Fervent sentiment backed by ruthlessness
"The dream appears to be dead," says The Economist. Having failed to achieve campaign "orbit velocity", Newt Gingrich resembles a "dead man moonwalking": it seems unlikely the maverick former House Speaker will become the Republican nominee. Still, given his record for shock turnarounds, he can't be ruled out yet and in Florida this week he was defiant in defeat.
If Gingrich makes it to the White House, says The Nation, he will owe Adelson "a direct and personal debt". Outgunned by Romney financially, Adelson's timely cash injection into Gingrich's Winning Our Future "super-pac" (political action committee) inflicted considerable damage on the Mormon front-runner.
It also ensured one of the dirtiest campaigns in recent history, with both rivals taking "nasty and personal shots at each other", says the Huffington Post. Gingrich branded Romney "a liar and a cheat" depicting the "King of Bain" as a ruthless asset-stripper and "jobs killer", bent on suppressing religious liberty.
A political hardliner, Adelson appears happy to support even Gingrich's extreme views on child labour (he suggested schools fire janitors and replace them with poor children). Yet it's on Israel that the men are most at one, says The Observer. An "impassioned opponent of an independent Palestine", Adelson supports Gingrich's inflammatory pledge to move the US embassy from Tel Aviv to Jerusalem, praising his description of Palestinians as an "invented people".

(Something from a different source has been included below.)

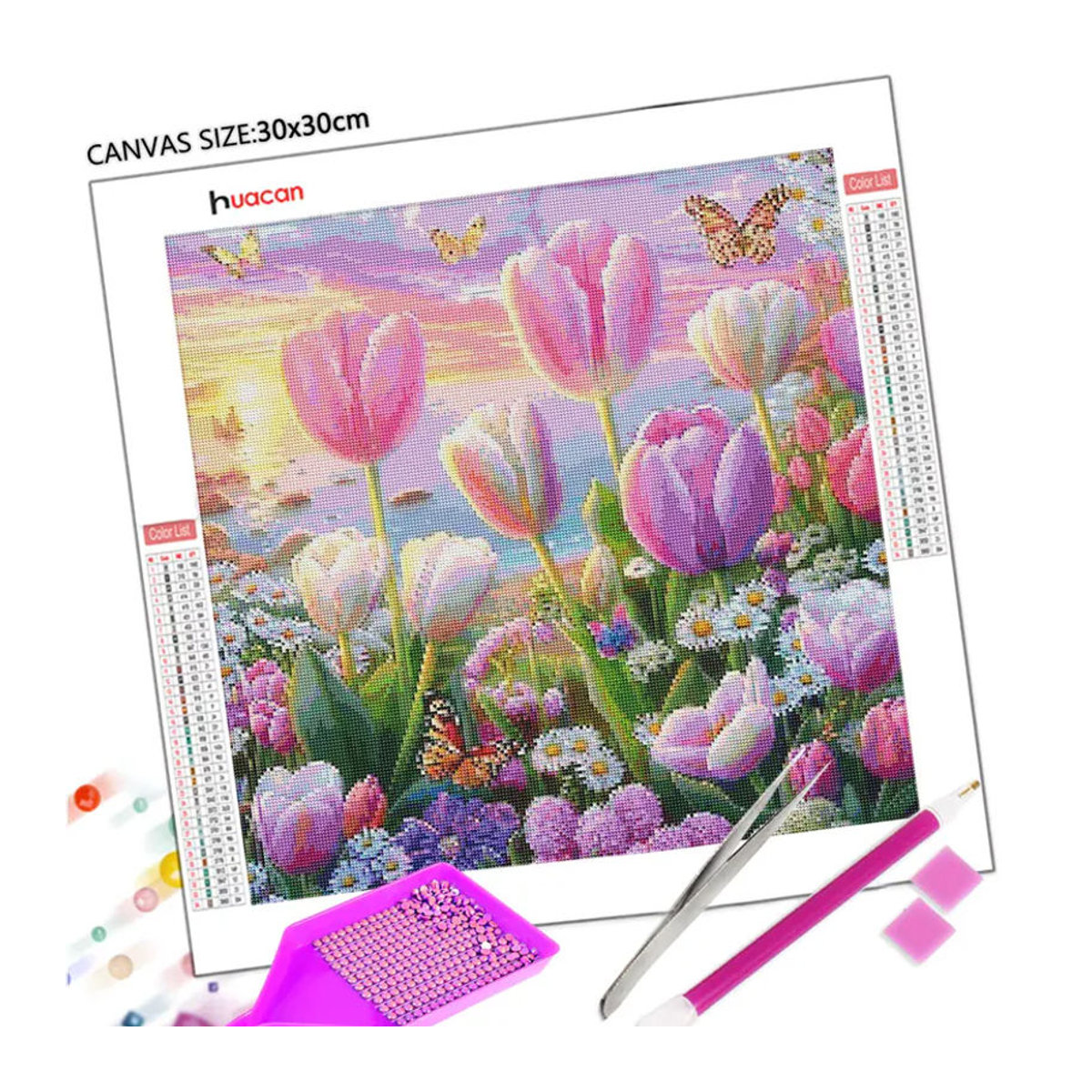 Huacan Diamantmalerei Blumen und Landschaft als quadratische oder runde Stickerei in Mehrfarbig mit floralem Frühlingsmotiv ohne Rahmen - Bild 3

Friends say Adelson's staunch Zionist beliefs are "consistent with his take-no-prisoners personality", says The New York Times. But he's a late convert, experiencing "something of an awakening" after his first visit to Israel in 1988. "On one of his first trips, he wore the shoes of his late father, a cabdriver from Lithuania, who was never able to visit there." Fervent sentiment backed by ruthlessness that's Adelson in a nutshell.